I got a I think around a 60 in table milling machine with a J2 bridgeport head on it . The base is how knows . This is a Frankstine Machine. As far as I can tell it works great and looks to be in fair to good shape. I cut all kind of metal on it  and who know what I might get into next week . Need something that does it all.


----------



## richl (Feb 7, 2015)

Jim is really giving a very good suggestion. This is something I have been pondering myself the last 3--4 months with a lathe purchase. I have a Chinese 13 x 40 lathe, it is big enough for most of the things I do, but it is is not as big as I could use, a larger bore model would be a big plus. There are other things that need mechnical attention with this machine! I think after going through encos machines, the offerings from precision mathews and scouring the net for all the low end industrial machines in my price range, coming up with a budget, working out the costs... it would cost me less than 1/4 the cost of a new machine to upgrade the motor, spindle bearings, and bushings, as well as purchasing new dros... this machine I know what I have, it is not perfect but it is not junk either. It may not be the best option for you, but maybe it is.
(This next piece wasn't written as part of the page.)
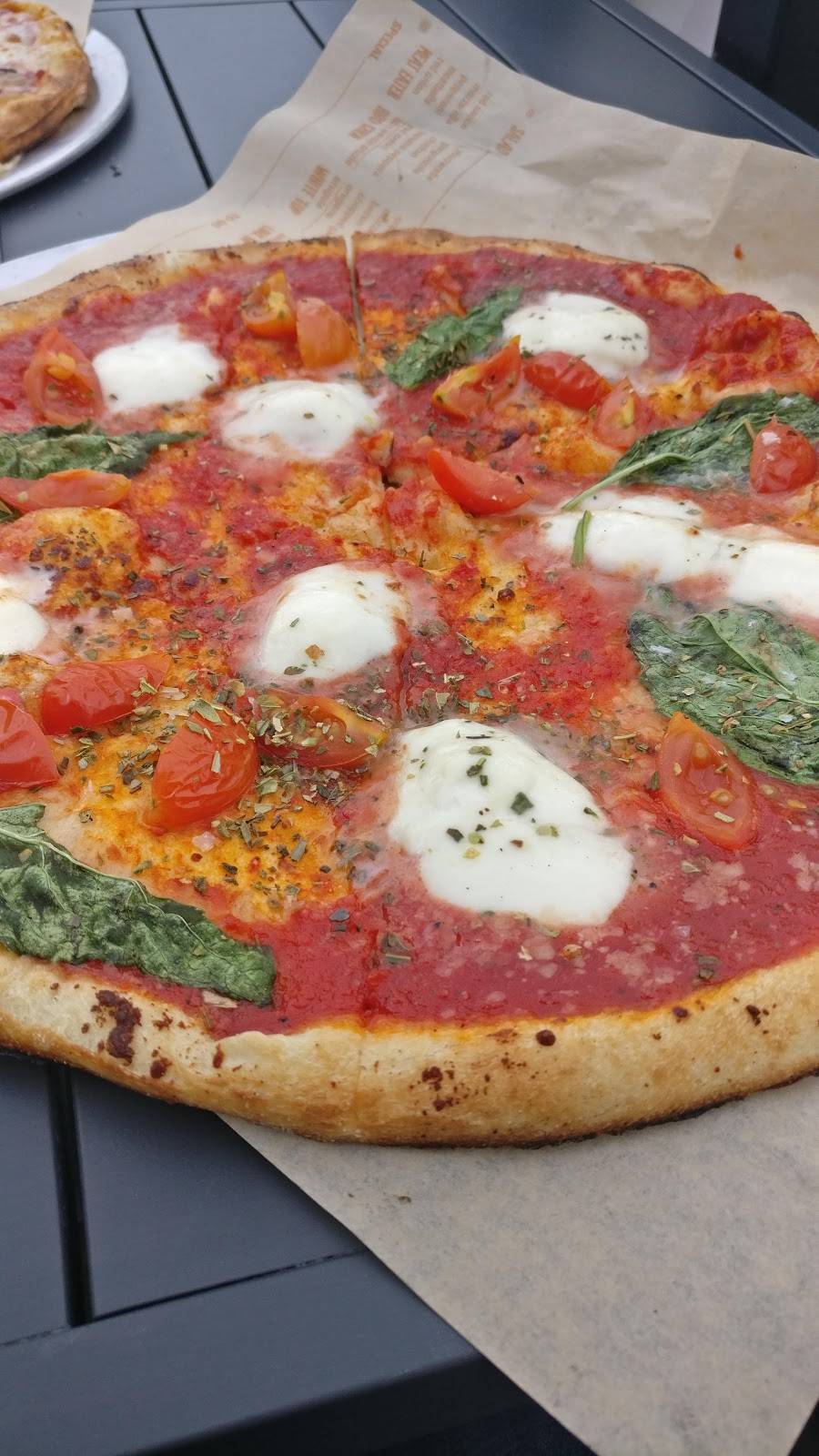 Blaze Pizza | meal takeaway | 11 Clifton Country Rd, Clifton Park, NY 12065, USA | 5187301422 OR +1 518-730-1422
It's nice to have brand new toys toy play with, but it is also nice to just have the toys you already own working to their full potential... which leaves you more money in the kitty for tooling and other shop purchases.

HTh
Rich


----------



## mirage100 (Feb 7, 2015)

richl said:


> Jim is really giving a very good suggestion. This is something I have been pondering myself the last 3--4 months with a lathe purchase. I have a Chinese 13 x 40 lathe, it is big enough for most of the things I do, but it is is not as big as I could use, a larger bore model would be a big plus. There are other things that need mechnical attention with this machine! I think after going through encos machines, the offerings from precision mathews and scouring the net for all the low end industrial machines in my price range, coming up with a budget, working out the costs... it would cost me less than 1/4 the cost of a new machine to upgrade the motor, spindle bearings, and bushings, as well as purchasing new dros... this machine I know what I have, it is not perfect but it is not junk either. It may not be the best option for you, but maybe it is. It's nice to have brand new toys toy play with, but it is also nice to just have the toys you already own working to their full potential... which leaves you more money in the kitty for tooling and other shop purchases.
> 
> HTh
> Rich



I hear what y'all are saying. Mine need some work to The one shot lube system is missing some lines on it some are cracked. The Z axis shaft has a bend in it but just where the handle goes. The head makes a fair amount of noise when you move it out of the sweet spot where the previous owned ran it. I replace the Bakelite type of bearing in the head you glue in . Got a bad sholder that I am going to PT for and they keep yelling at me to quit using the mill for now.I found a NICE looking high column machine at Sterling Machine in CA. Just looking.


----------



## JimDawson (Feb 7, 2015)

To get into a new machine in that size range, you are looking at some major $$$.  You are going to be looking at the bigger industrial vendors.  I don't think there are any U.S. builders in business today, so a Taiwanese machine is probably in your future.  Something in the 10x54 table range.  Maybe a Bridgeport Series II if you can find a good used one.  There are a few larger used mills on the market, all over the U.S. but a personal inspection would be in order before purchase.  Craigslist and Ebay are a good resource.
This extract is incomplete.